Given information Block Start

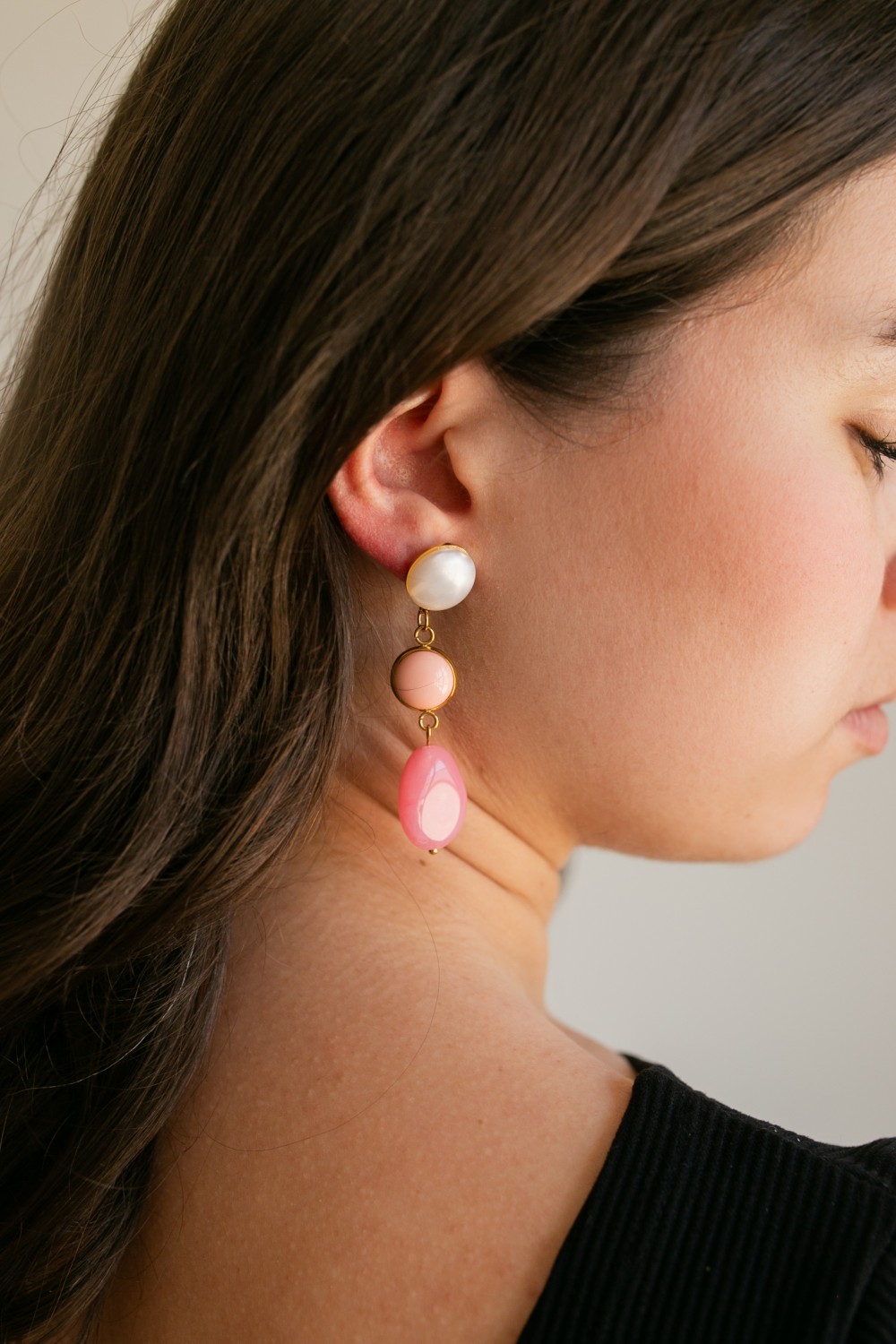Tutoriel DIY : 3 modèles de boucles d'oreilles avec perles et cabochons en résine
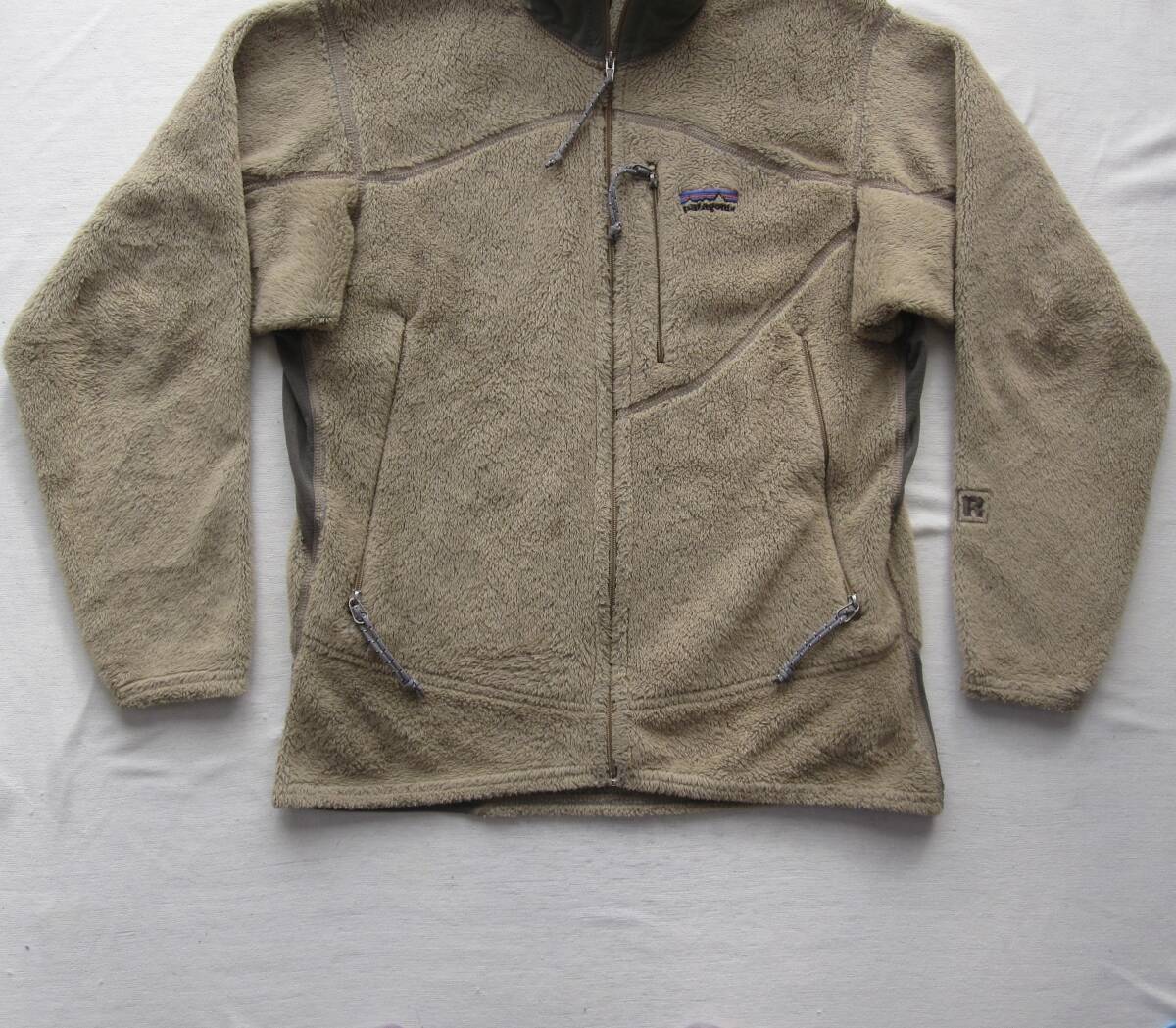 ☆ パタゴニア R2 ジャケット (M) レトロカーキ 2002年 刺繍ロゴ USA製 / patagonia / R4 / レトロ / ヴィンテージ / グリセード / パイル 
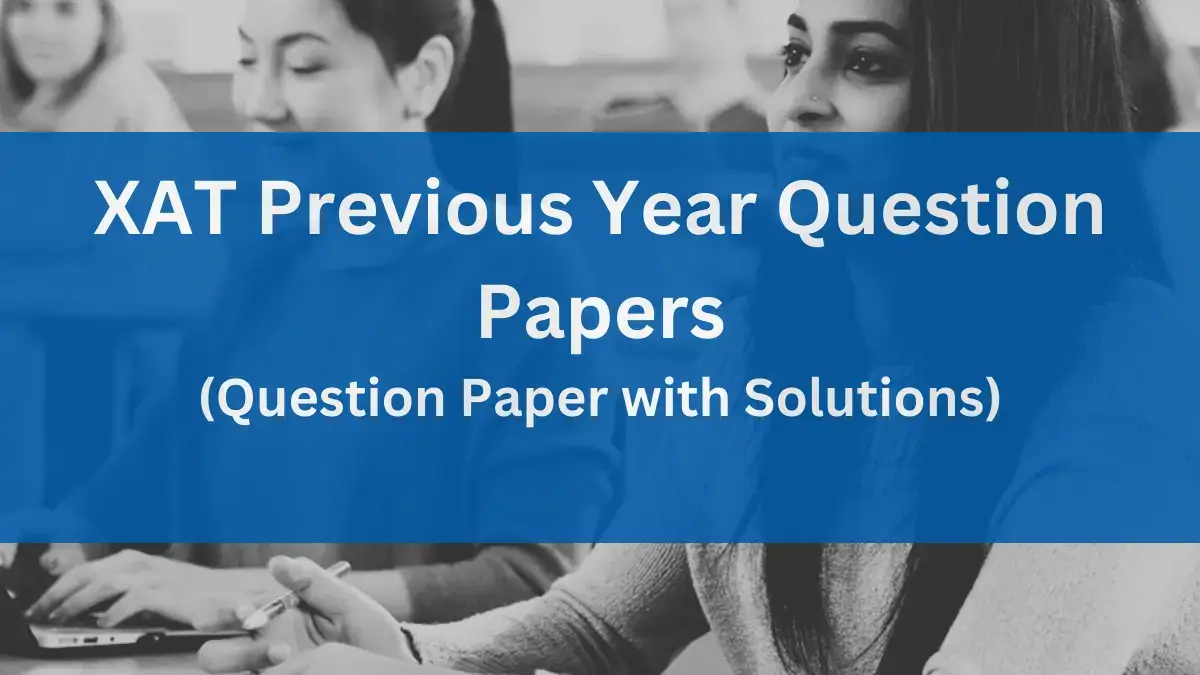 XAT previous year question paper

Given information Block End

## What is required:
Print the lines from the one that contains "グリセード / パイル" through the final line of the material above, exactly and only those, with pictures left out.

## Response to the task:
 ☆ パタゴニア R2 ジャケット (M) レトロカーキ 2002年 刺繍ロゴ USA製 / patagonia / R4 / レトロ / ヴィンテージ / グリセード / パイル 
 XAT previous year question paper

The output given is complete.